--- START ---
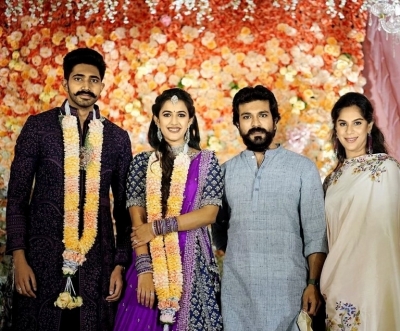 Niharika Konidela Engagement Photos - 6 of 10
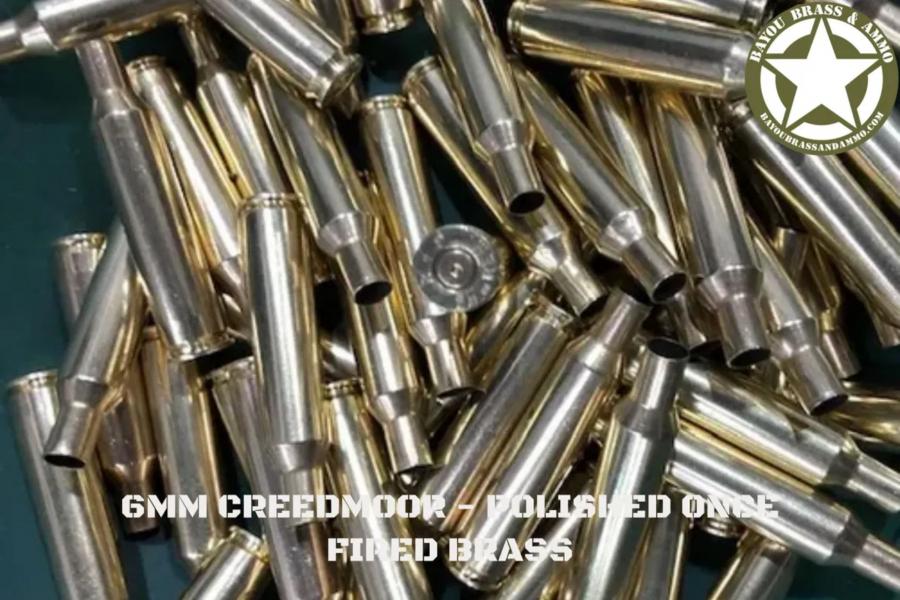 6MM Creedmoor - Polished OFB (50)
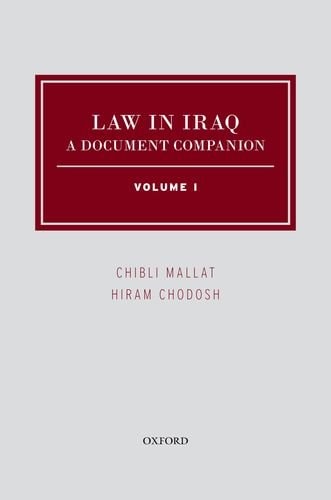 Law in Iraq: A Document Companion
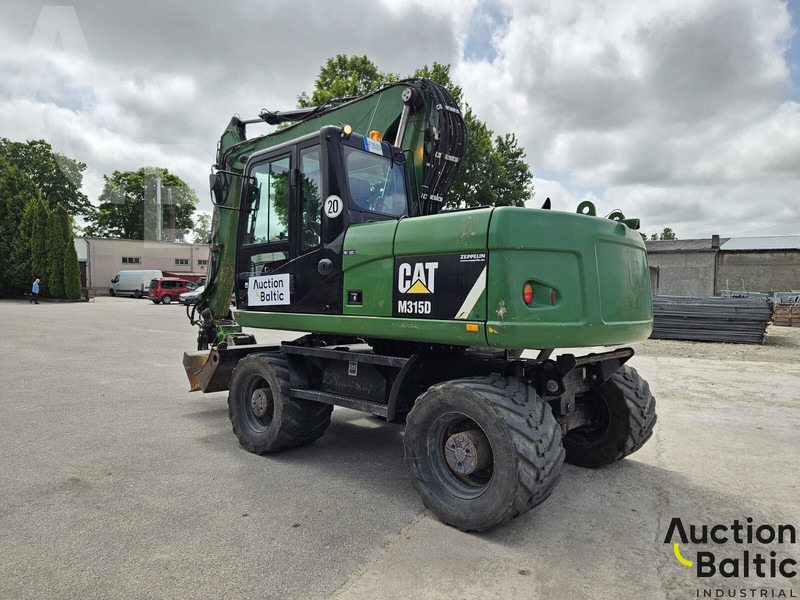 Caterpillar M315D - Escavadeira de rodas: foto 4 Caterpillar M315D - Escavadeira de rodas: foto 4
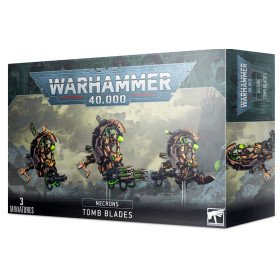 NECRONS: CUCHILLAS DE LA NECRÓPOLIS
--- END ---
Repeat the material above word for word but skip the images.

**Answer box**
 Niharika Konidela Engagement Photos - 6 of 10
 6MM Creedmoor - Polished OFB (50)
 Law in Iraq: A Document Companion
 Caterpillar M315D - Escavadeira de rodas: foto 4 Caterpillar M315D - Escavadeira de rodas: foto 4
 NECRONS: CUCHILLAS DE LA NECRÓPOLIS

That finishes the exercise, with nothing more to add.